Saved entries
• • • • • • •
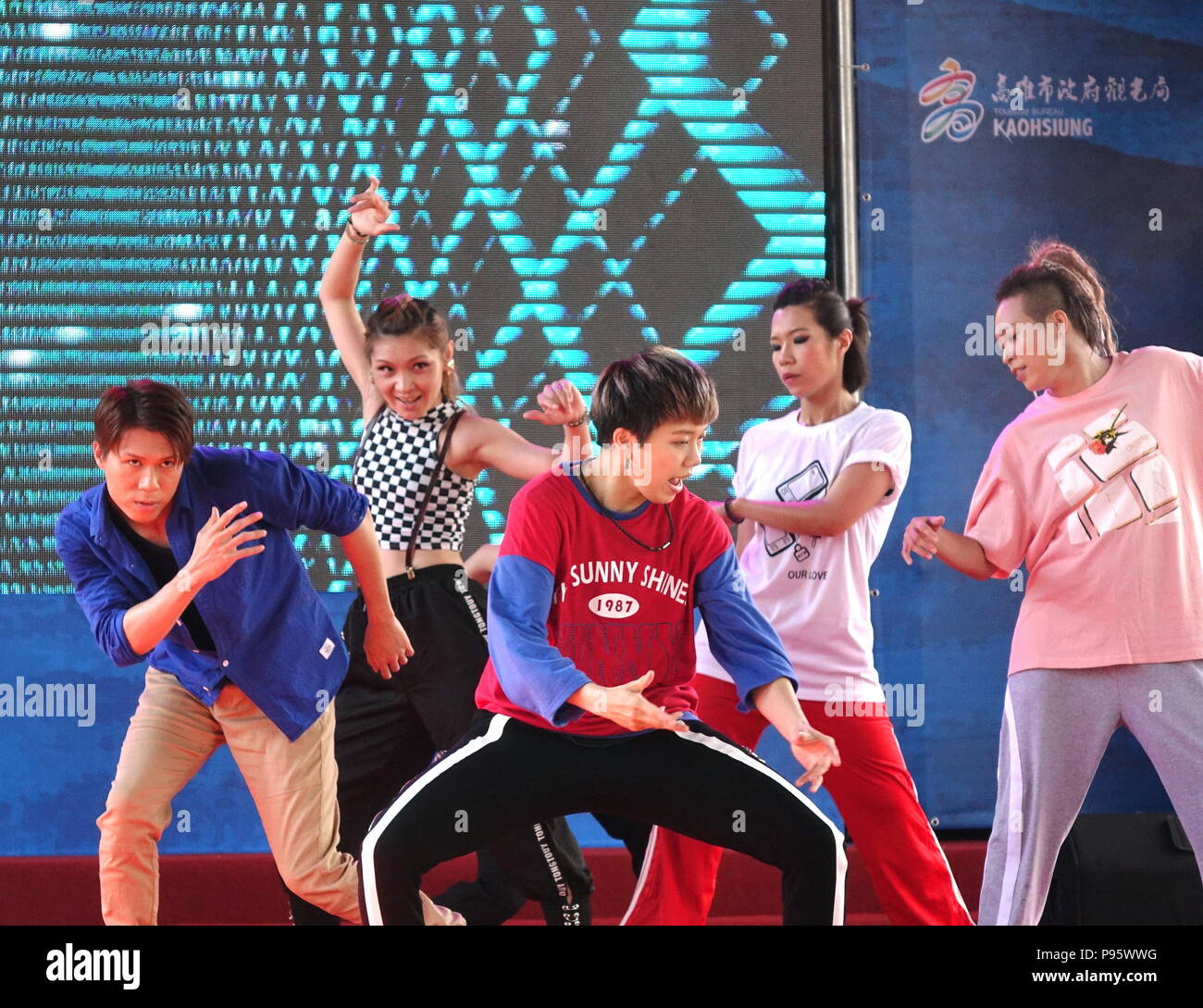 KAOHSIUNG, TAIWAN - 30. JUNI 2018: Jungen Menschen eine Hip-hop Dance bei der Eröffnung der Love River Festival, eine kostenlose, öffentliche Outdoor Event. Stockfoto
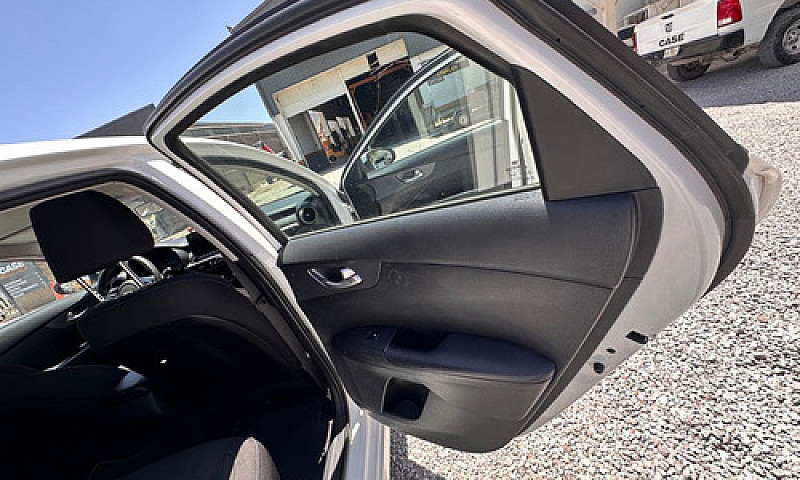 Kia Forte 2.0 L At...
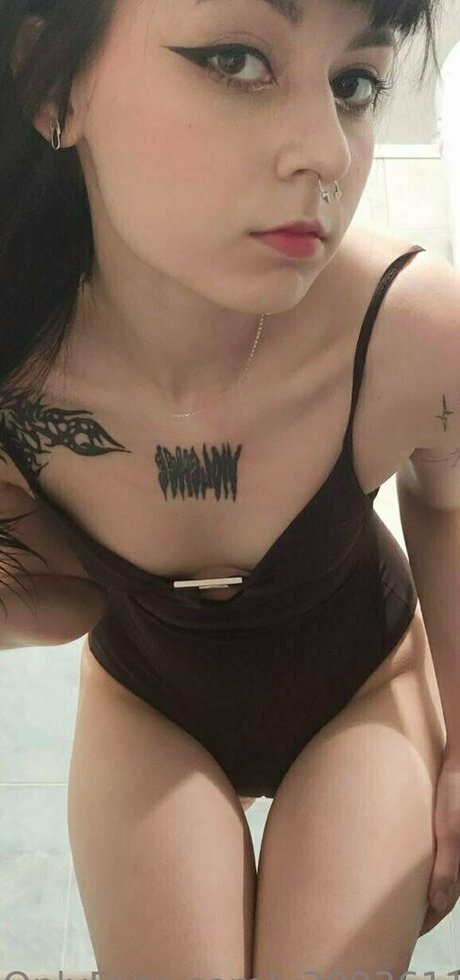 Foto di nudo di fuga di OnlyFans di Naomibright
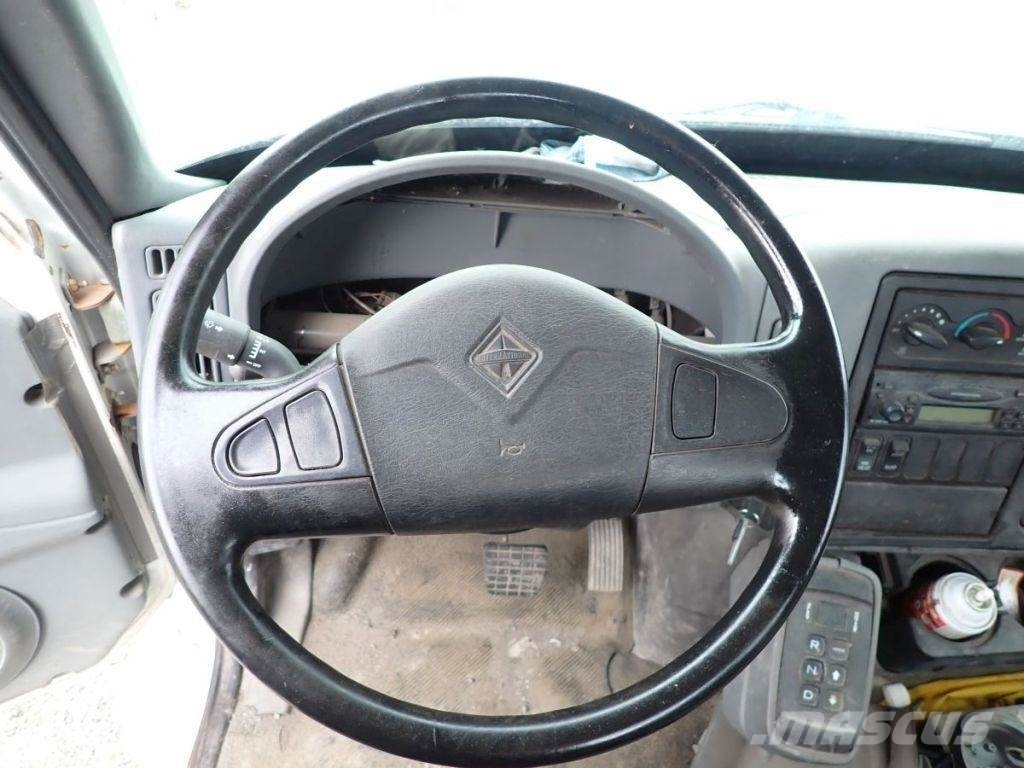 International 4300 Skříňová nástavba
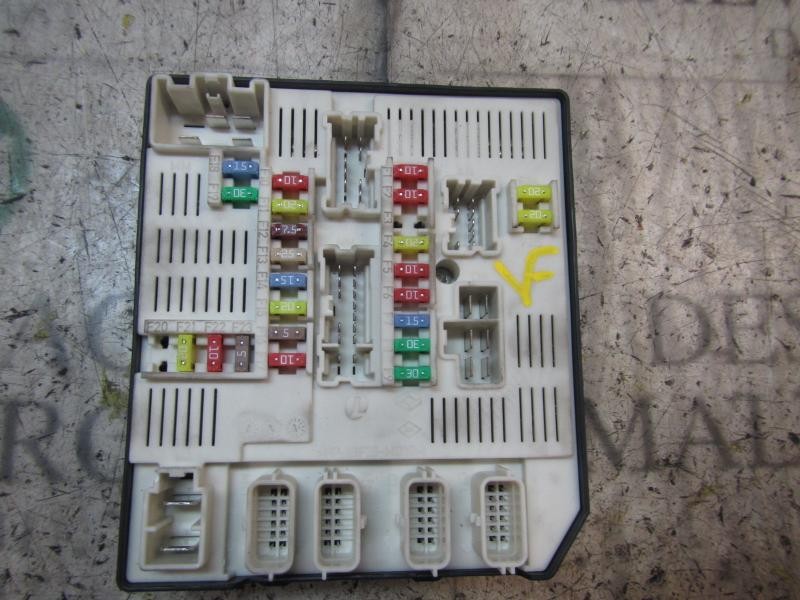 Recambio de caja reles / fusibles para renault megane iii berlina 5 p dynamique referencia OEM IAM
• • • • • • •
» REQUIRED ACTION: Output, line for line and exactly, the records above from their first line through the one with "International 4300 Skříňová nástavba", both ends included, but no pictures.

» YOUR RESPONSE:
 KAOHSIUNG, TAIWAN - 30. JUNI 2018: Jungen Menschen eine Hip-hop Dance bei der Eröffnung der Love River Festival, eine kostenlose, öffentliche Outdoor Event. Stockfoto
 Kia Forte 2.0 L At...
 Foto di nudo di fuga di OnlyFans di Naomibright
 International 4300 Skříňová nástavba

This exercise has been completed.